Exercise:
Of the lines below, reproduce exactly those from the line containing "White House Black Market Black" to the end, including both the first and the last.
Records shown Block Start
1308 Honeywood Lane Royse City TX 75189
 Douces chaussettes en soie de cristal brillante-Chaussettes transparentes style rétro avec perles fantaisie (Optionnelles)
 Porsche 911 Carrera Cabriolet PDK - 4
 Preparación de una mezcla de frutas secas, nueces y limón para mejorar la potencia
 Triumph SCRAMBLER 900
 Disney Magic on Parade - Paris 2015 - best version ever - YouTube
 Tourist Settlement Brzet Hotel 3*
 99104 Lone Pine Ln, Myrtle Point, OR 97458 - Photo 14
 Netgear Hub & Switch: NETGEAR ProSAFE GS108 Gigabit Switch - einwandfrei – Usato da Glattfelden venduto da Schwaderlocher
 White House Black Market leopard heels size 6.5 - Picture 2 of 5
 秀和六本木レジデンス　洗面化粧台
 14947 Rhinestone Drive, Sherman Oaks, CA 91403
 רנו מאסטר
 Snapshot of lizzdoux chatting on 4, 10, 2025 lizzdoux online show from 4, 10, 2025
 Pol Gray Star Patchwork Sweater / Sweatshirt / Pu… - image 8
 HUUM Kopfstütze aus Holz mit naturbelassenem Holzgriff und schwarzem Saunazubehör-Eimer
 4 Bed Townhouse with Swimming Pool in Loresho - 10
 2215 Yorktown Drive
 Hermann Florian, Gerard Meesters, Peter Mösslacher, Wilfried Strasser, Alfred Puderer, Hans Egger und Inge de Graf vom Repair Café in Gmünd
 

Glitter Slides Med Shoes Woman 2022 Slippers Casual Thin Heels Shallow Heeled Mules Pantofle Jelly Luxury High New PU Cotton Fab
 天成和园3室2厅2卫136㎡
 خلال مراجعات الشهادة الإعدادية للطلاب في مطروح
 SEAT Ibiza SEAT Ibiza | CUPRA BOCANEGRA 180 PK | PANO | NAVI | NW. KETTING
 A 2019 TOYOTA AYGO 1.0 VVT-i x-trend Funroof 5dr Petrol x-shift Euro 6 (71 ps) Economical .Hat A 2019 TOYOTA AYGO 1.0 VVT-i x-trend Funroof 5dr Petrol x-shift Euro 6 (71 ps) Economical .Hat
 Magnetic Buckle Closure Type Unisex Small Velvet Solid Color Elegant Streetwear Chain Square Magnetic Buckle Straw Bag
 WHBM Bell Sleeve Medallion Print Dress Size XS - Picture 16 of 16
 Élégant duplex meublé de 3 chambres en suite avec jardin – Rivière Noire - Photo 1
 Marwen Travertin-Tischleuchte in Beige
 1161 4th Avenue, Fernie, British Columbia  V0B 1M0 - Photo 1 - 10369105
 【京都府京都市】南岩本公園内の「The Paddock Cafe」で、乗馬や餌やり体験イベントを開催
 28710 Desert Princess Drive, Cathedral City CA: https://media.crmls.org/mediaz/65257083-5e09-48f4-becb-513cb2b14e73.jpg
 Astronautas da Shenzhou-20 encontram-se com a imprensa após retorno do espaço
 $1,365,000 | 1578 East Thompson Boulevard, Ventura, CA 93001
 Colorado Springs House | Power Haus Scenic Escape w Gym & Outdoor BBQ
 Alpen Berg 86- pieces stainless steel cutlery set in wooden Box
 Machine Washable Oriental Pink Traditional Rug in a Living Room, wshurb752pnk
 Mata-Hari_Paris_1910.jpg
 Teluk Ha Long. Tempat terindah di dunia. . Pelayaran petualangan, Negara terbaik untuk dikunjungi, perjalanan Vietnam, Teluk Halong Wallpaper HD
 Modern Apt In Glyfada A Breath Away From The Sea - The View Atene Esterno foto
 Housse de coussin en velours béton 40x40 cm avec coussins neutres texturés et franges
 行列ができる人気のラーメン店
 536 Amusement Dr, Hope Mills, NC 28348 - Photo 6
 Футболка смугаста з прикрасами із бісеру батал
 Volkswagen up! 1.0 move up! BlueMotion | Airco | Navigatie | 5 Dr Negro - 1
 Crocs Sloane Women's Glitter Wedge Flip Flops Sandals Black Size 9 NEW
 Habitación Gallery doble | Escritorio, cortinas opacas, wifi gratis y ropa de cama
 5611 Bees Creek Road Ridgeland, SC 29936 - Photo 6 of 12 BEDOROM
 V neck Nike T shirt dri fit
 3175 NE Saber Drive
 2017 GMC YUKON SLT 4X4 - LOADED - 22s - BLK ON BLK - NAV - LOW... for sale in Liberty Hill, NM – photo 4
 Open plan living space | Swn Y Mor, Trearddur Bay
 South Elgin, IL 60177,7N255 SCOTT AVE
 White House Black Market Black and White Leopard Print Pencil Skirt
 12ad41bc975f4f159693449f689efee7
Records shown Block End
Result of the task:
 White House Black Market Black and White Leopard Print Pencil Skirt
 12ad41bc975f4f159693449f689efee7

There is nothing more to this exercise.